Local writers have been on my mind. That’s because the Knoxville community recently lost one of its best, David Hunter. He’s just one of the writers who has either passed or whose parts in daily news have diminished over the years.

David Hunter and I met at a Knoxville Writers’ Guild get together some years ago. He was a long-standing columnist, and I was barely getting my feet wet back then. Our friendship strengthened as we talked and learned that a special bond united us. David spent part of his youth in Lonsdale. My dad worked at Southern Extract, a pollution-puking plant that produced paper and cardboard in the community. Additionally, my grandparents lived in Lonsdale.

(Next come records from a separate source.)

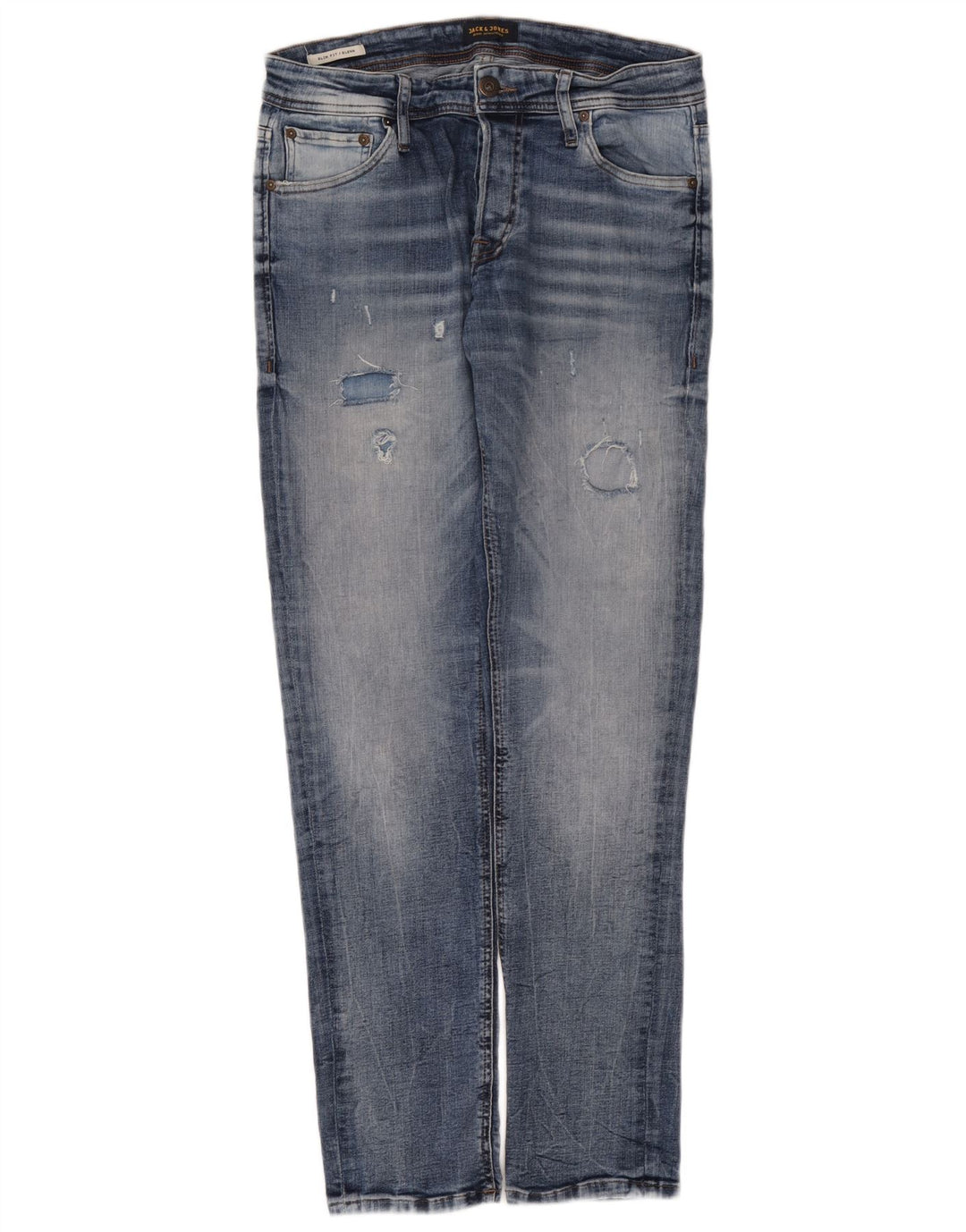Jack & Jones Hombre GLENN Vaqueros ajustados desgastados W32 L32 Algodón azul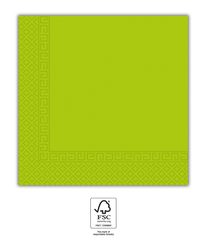 Decorata Solid Color - Light Green Three-Ply Paper Napkins 33x33 FSC. - 93051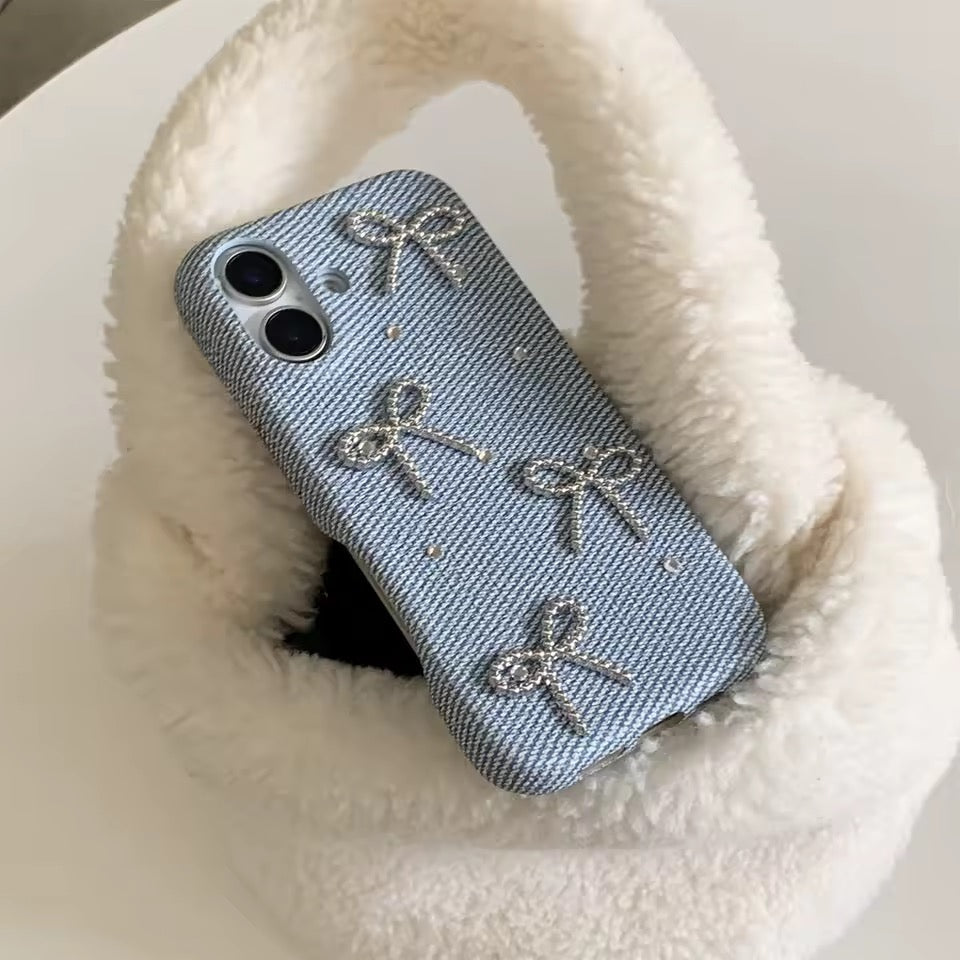 Sparkly Denim Bow iPhone Case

David used his years on the police force to help write fiction crimes books. He also wrote a column for the Knoxville News Sentinel for 23 years. The books were true “page turners” that captivated his reading audiences. My favorite pieces were his columns, which covered a variety of topics. Some were on religion, some were on man’s duty to others, and some were moments of reliving life as a boy.

The newspaper is a fickle business, and for some reason, the Sentinel chose to drop David’s column. Suddenly, something as important as the comics or crossword puzzle was missing. I talked to him about it, but he chose to share little about the subject. Instead, he posted some of his writings on other sites. Still, the Knoxville community was bewildered at the disappearance of David’s work.

A few years before David left the paper, Don Williams lost his weekly column. Don’s always been an individual who speaks his minds and stands by his principles. In this case, that dedication to the truth, or refusal to adhere to the paper’s direction, sent Don packing. He’s written several books, gee-hawed New Millennium Writings, and loved and supported his family and his mom.

I met Don when I took a class he offered for fledgling writers several years ago. Most of my stuff was like this column, but I also stretched to write short stories, books, and one poem. Don always offered quality analyses with touches of kindness so as not to crush fragile writers’ egos. The friends I met in those classes still are a part of my life, even if I don’t see them as often. Folks like Lucy, Maryanne, Bob worked with Don to improve their skills and are thankful to him for sharing his knowledge.

Ina Hughs was kind to me. She didn’t know me well but kindly reviewed my book Baseball Boys. Just a blurb in her column was a win to me. Ina had the best sense of humor, one akin to my mother’s. She was a no-nonsense, tell-it-as-it-is person who feared no one. From the 1970’s until she was let go in 2018, Ina gave those of her generation a sense of connection. I miss her sorely.

I might be wrong, but another local writer, Sam Venable, might be the next to go. At one time, Sam was splashed across the sports section and prominently placed in the editorial section. However, these days, it seems that Sam’s writings are stuffed in the strangest of places. Perhaps those who own the paper fail to appreciate good Tennessee boy humor; perhaps they don’t have a sense of humor at all. What is abundantly clear is that they don’t understand the need of readers to consume local news, local folklore, and local features.

I send my deepest sympathies to the family of David Hunter. Thank you for sharing him with us for so many years. I am lucky to be able to write for a paper that is more tolerant. If you have enjoyed local writers, drop them a line while they are here to let them know how much their work means to you. Tell them which piece you liked best or tell them what you learned. They will appreciate it. David, don’t quit the work even in heaven.